— REQUIRED ACTION —
A stretch of the entries below is to be set down exactly, running from the line with "תרשים של פעולת מסנן UV בבריכת קוי" through the line with "nail accessories Cartoon", both included, and no other line.

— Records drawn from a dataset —
====================

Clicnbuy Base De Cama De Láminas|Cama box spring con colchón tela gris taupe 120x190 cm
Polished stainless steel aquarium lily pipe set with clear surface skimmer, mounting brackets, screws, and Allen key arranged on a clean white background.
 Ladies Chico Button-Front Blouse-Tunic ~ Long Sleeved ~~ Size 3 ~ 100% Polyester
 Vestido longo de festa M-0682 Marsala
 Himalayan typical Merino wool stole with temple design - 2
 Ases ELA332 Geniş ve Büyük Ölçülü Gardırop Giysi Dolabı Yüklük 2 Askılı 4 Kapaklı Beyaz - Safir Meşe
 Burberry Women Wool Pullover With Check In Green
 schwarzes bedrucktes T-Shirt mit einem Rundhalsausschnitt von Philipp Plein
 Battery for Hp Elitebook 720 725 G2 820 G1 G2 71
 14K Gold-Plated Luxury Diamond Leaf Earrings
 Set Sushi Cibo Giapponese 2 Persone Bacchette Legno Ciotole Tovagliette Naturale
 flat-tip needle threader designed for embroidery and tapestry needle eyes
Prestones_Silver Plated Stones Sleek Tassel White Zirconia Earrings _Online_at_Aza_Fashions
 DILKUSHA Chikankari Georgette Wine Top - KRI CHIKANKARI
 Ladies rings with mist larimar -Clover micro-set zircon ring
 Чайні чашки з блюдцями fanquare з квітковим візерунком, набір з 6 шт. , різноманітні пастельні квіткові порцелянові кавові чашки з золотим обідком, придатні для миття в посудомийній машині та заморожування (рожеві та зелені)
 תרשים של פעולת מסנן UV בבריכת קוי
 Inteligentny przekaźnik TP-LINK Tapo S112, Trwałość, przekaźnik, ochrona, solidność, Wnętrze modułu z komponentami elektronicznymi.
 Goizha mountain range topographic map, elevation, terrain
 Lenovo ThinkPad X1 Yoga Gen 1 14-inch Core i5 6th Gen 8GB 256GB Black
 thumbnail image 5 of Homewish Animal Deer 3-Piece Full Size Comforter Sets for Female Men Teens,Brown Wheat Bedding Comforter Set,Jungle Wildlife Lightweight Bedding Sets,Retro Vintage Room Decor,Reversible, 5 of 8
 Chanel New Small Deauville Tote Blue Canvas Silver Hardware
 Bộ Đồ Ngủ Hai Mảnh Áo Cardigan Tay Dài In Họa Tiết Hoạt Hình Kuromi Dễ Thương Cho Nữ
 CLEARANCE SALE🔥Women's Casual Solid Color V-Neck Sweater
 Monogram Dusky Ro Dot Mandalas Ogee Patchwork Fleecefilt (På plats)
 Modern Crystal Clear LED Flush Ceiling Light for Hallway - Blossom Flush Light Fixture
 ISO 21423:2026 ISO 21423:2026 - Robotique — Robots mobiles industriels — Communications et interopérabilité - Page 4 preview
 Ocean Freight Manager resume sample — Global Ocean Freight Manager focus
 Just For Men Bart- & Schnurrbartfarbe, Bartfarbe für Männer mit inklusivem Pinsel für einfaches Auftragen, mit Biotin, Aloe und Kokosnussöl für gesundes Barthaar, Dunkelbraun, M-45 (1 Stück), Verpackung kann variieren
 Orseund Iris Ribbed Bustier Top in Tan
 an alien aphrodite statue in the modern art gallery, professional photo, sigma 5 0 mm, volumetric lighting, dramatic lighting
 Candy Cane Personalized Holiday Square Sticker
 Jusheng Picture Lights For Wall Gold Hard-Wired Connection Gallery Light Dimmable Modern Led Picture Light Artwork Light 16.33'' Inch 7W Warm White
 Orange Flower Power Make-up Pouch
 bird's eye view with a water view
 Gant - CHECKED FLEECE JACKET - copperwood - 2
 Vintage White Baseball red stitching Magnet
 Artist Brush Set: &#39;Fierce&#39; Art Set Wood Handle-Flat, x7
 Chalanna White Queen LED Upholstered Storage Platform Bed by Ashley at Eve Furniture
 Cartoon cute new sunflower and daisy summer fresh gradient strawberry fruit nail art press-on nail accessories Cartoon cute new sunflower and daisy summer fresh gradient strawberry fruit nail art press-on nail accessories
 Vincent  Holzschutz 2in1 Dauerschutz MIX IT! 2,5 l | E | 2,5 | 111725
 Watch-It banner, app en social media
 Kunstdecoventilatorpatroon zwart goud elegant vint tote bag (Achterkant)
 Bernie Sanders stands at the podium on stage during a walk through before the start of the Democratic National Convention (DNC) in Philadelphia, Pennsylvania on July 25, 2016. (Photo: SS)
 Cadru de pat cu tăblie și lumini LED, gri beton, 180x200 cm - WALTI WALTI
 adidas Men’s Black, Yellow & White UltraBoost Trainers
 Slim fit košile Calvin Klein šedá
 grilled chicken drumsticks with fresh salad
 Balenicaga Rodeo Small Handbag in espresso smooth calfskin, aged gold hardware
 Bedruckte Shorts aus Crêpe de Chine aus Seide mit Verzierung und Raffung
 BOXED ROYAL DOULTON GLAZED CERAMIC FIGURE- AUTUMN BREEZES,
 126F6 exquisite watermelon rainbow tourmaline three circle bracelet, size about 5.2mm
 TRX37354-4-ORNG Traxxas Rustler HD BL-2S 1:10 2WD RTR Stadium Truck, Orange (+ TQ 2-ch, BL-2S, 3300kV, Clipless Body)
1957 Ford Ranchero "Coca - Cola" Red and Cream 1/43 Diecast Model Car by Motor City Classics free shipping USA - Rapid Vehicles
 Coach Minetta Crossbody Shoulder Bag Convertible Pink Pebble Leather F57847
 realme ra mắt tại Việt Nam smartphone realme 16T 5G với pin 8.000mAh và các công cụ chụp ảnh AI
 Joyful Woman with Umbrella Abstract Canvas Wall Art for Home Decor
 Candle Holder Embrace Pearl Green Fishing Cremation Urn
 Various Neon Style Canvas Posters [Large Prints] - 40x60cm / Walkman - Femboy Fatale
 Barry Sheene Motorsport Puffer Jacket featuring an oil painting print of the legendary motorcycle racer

====================

— OUTPUT OF THE TASK —
 תרשים של פעולת מסנן UV בבריכת קוי
 Inteligentny przekaźnik TP-LINK Tapo S112, Trwałość, przekaźnik, ochrona, solidność, Wnętrze modułu z komponentami elektronicznymi.
 Goizha mountain range topographic map, elevation, terrain
 Lenovo ThinkPad X1 Yoga Gen 1 14-inch Core i5 6th Gen 8GB 256GB Black
 thumbnail image 5 of Homewish Animal Deer 3-Piece Full Size Comforter Sets for Female Men Teens,Brown Wheat Bedding Comforter Set,Jungle Wildlife Lightweight Bedding Sets,Retro Vintage Room Decor,Reversible, 5 of 8
 Chanel New Small Deauville Tote Blue Canvas Silver Hardware
 Bộ Đồ Ngủ Hai Mảnh Áo Cardigan Tay Dài In Họa Tiết Hoạt Hình Kuromi Dễ Thương Cho Nữ
 CLEARANCE SALE🔥Women's Casual Solid Color V-Neck Sweater
 Monogram Dusky Ro Dot Mandalas Ogee Patchwork Fleecefilt (På plats)
 Modern Crystal Clear LED Flush Ceiling Light for Hallway - Blossom Flush Light Fixture
 ISO 21423:2026 ISO 21423:2026 - Robotique — Robots mobiles industriels — Communications et interopérabilité - Page 4 preview
 Ocean Freight Manager resume sample — Global Ocean Freight Manager focus
 Just For Men Bart- & Schnurrbartfarbe, Bartfarbe für Männer mit inklusivem Pinsel für einfaches Auftragen, mit Biotin, Aloe und Kokosnussöl für gesundes Barthaar, Dunkelbraun, M-45 (1 Stück), Verpackung kann variieren
 Orseund Iris Ribbed Bustier Top in Tan
 an alien aphrodite statue in the modern art gallery, professional photo, sigma 5 0 mm, volumetric lighting, dramatic lighting
 Candy Cane Personalized Holiday Square Sticker
 Jusheng Picture Lights For Wall Gold Hard-Wired Connection Gallery Light Dimmable Modern Led Picture Light Artwork Light 16.33'' Inch 7W Warm White
 Orange Flower Power Make-up Pouch
 bird's eye view with a water view
 Gant - CHECKED FLEECE JACKET - copperwood - 2
 Vintage White Baseball red stitching Magnet
 Artist Brush Set: &#39;Fierce&#39; Art Set Wood Handle-Flat, x7
 Chalanna White Queen LED Upholstered Storage Platform Bed by Ashley at Eve Furniture
 Cartoon cute new sunflower and daisy summer fresh gradient strawberry fruit nail art press-on nail accessories Cartoon cute new sunflower and daisy summer fresh gradient strawberry fruit nail art press-on nail accessories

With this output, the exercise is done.